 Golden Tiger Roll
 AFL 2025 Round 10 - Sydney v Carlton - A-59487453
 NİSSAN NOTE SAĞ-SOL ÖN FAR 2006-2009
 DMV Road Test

==

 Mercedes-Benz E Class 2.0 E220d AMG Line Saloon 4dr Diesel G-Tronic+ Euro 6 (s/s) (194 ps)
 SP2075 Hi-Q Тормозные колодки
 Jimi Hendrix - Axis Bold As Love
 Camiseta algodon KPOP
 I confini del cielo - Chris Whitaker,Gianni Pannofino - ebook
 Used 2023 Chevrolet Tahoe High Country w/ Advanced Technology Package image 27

Task to carry out:
Look above for the line with "Mercedes-Benz E Class" and the line with "Used 2023 Chevrolet". Retype those two lines and every line between them exactly, adding nothing.

Result for this exercise:
 Mercedes-Benz E Class 2.0 E220d AMG Line Saloon 4dr Diesel G-Tronic+ Euro 6 (s/s) (194 ps)
 SP2075 Hi-Q Тормозные колодки
 Jimi Hendrix - Axis Bold As Love
 Camiseta algodon KPOP
 I confini del cielo - Chris Whitaker,Gianni Pannofino - ebook
 Used 2023 Chevrolet Tahoe High Country w/ Advanced Technology Package image 27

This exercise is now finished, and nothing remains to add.